J'observe la nature d'un nouvel oeil critique, forte de ma récente lecture d'un des dossiers de la très jolie revue Terre sauvage, Arbres et Forêts, chez Milan, qui porte sur le Mont Aigoual, situé dans les Cévennes, à cheval sur les confins du Gard et de la Lozère. Il y règne, tout comme chez nous, un climat pourvu de fortes précipitations, et cette région a pâti, ainsi que les Pyrénées, d'une surexploitation de ses forêts qui a réduit l'Aigoual, à la fin du XIXème siècle, à une montagne pelée, soumise de plein fouet à l'érosion pluviale. Verreries, forges, fonderies, mais également troupeaux transhumant depuis la plaine, scieries et besoins en bois de chauffage croissant avec la population, tous ces facteurs ont concouru à un déboisement intensif qui a eu pour conséquences des crues violentes qui ont provoqué des inondations catastrophiques en aval, dans les vallées de l'Hérault et du Tarn.
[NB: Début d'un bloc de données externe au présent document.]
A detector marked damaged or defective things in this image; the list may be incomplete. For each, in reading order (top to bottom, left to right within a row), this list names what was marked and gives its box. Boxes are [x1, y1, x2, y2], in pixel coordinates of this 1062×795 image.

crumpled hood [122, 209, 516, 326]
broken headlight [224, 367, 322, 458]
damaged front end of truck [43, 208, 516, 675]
Je ne peux pas m'empêcher de penser aux inondations qui se déclenchent de plus en plus fréquemment chez nous, à Ascain, St Pée s/Nivelle, Bassussarry, Arcangues en mai 2007, sinistres répétitifs qui se sont propagés cette année jusque sur les berges de Bayonne, où ont été sapés les fondements de pierre du pont Mayou qui enjambe la Nive avant sa confluence dans l'Adour. Les causes sont multiples, on attribue commodément la plus grande amplitude et la plus grande fréquence de ces catastrophes au changement climatique, mais chacun sait que l'urbanisation intensive des barthes, l'effacement des méandres, les barrages, la canalisation des cours d'eau et leur franchissement par des ouvrages d'art sous-dimensionnés n'ont pas arrangé le problème. Je n'avais cependant pas imaginé que le déboisement de nos Pyrénées occidentales puisse avoir une quelconque incidence.
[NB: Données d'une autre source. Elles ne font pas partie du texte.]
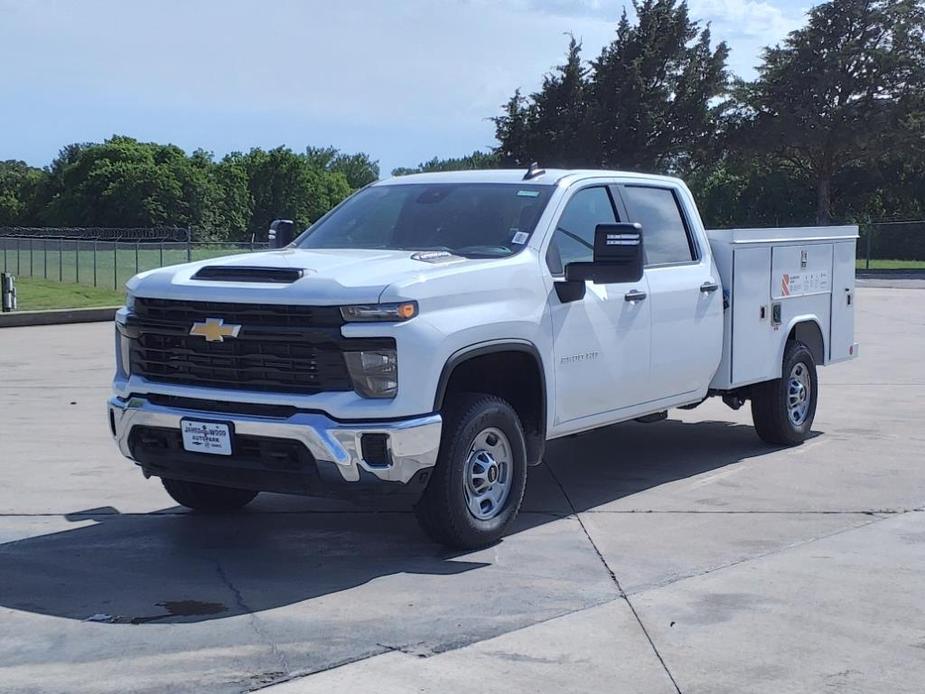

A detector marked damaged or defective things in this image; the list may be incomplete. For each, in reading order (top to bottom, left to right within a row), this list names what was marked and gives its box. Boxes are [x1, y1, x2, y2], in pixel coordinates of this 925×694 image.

C'est pourtant vrai qu'elles sont pelées, il suffit de voir le triangle ridicule de conifères à feuilles persistantes prolongé d'une bande de mélèzes aux jeunes pousses vert clair à l'ombre desquels pâturent des chevaux, sur l'Ezcondray, contrefort du Mondarrain et de l'Artzamendi, pour réaliser à quel point nos montagnes manquent de végétation. Et cela ne suffit pas à nos éleveurs basques qui trouvent le moyen de brûler régulièrement les quelques ajoncs et fougères qui subsistent par leur pratique sacro-sainte de l'écobuage. Si l'Aigoual a pu changer de physionomie et retrouver une forêt dense et variée, sur un sol redevenu fertile, c'est grâce à la volonté de deux hommes, le forestier Georges Fabre et le botaniste Charles Flahaut, qui ont su motiver et encourager toute la population locale pour rendre la montagne de nouveau vivante et lui redonner sa fonction première de château d'eau. Un film, maintenant disponible en dvd, leur a été consacré. Le meilleur critère pour juger si un espace naturel est faible, c'est de chercher s'il subit une attaque contre laquelle il n'arrive pas à se défendre. Ce tout petit bois exposé aux vents et aux pluies, constitué de deux monocultures juxtaposées de pins et de mélèzes, voit justement ses cimes menacées par la chenille processionnaire. J'invite tout un chacun à découvrir l'extraordinaire texte de l'entomologiste Jean-Henri Fabre qui fait un parallèle très instructif et révélateur entre les sociétés de chenilles processionnaires et l'idéal communiste des sociétés humaines. Nous rencontrons tout un nid qui s'est laissé tomber à terre. Celles-ci en sont au stade 6 sur 8 de leur évolution décrite dans le premier site en lien.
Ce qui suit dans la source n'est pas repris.